11:53am – Allegedly, Sean Miller is bringing everyone pizza at noon, and we’re guessing it will be from LaRosa’s. From now on, this event is the LaRosa’s-Sean Miller Crosstown Campout.

12:06pm – Mmm... no pizza.

12:18pm – Getting hungry...

12:22pm – Finally! There is LaRosa’s pizza in my mouth as I write this. There’s even a red smudge at the bottom of this page where I dripped sauce in a starved frenzy. Somehow, I am the only person in the world (who isn’t from the Queen City) who actively enjoys LaRosa’s pizza, which seems strange. How can you not like pizza? More importantly, I’ve had LaRosa’s on at least 30 occasions, and haven’t paid for it once. Very nice.

4:02pm – After sitting around for about two hours, not doing my theology paper, I took a totally unnecessary nap.
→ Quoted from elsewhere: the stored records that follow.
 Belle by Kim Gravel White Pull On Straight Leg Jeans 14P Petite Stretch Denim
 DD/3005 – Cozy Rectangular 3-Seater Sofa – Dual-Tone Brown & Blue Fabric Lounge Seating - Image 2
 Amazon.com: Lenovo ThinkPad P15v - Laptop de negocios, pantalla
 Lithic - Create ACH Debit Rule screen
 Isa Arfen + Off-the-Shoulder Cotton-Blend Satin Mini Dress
The hardest part about camping is dealing with the boredom, not the coldness or wetness. When I woke up (and I have no idea how this happened), my friend Alyssa gave me two cheese coneys from Skyline that she didn’t want, which means I’m rechristening this event the Skyline-LaRosa’s-Sean Miller Crosstown Campout.
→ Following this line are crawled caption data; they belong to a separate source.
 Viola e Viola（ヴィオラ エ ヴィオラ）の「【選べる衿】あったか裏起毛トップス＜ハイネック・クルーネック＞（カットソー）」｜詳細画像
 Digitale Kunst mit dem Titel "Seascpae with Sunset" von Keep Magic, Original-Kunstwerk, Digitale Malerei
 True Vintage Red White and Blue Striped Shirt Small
4:08pm – I just found out Dayton upset Louisville, which does little to relieve my boredom. I’m actually looking forward to having to go to the bathroom.

4:49pm – This just happened: B.J. Raymond and Derick Brown just walked over to our tent, and gave us a pizza from Dominos, which is awesome by itself. But then Trevor walked up and saw what was happening, and said, “Hey, we’re the guys who paint blue for every game and always cheer really loud,” to which Derick (who was being very judicious about who got his last pizza) replied, “Wow, these guys should get two pizzas,” subsequently giving us his last pizza.

4:50pm – And it gets even better: While this was happening, the Newswire's Erika Breese randomly appeared behind Derick and B.J. and snapped a few shots of them. Then we asked her to take a picture of them with us, and she did. And the redemption for our disappointing lottery number begins!

7:59pm – The rain has been off and on all day, which means nobody is wet, but all of their stuff is. My friend Danny and I argue about Peyton Manning and Rex Grossman until everyone tells us to shut up.

8:07pm – You wouldn’t believe this, but my paper still refuses to do itself!

8:09pm – Danny keeps spontaneously saying “eh babay” (like the song), which I’m starting to realize he has been doing all year. Finally, our friend Holland calls him out on it. Danny can’t find any explanation; I suspect that he had tourettes.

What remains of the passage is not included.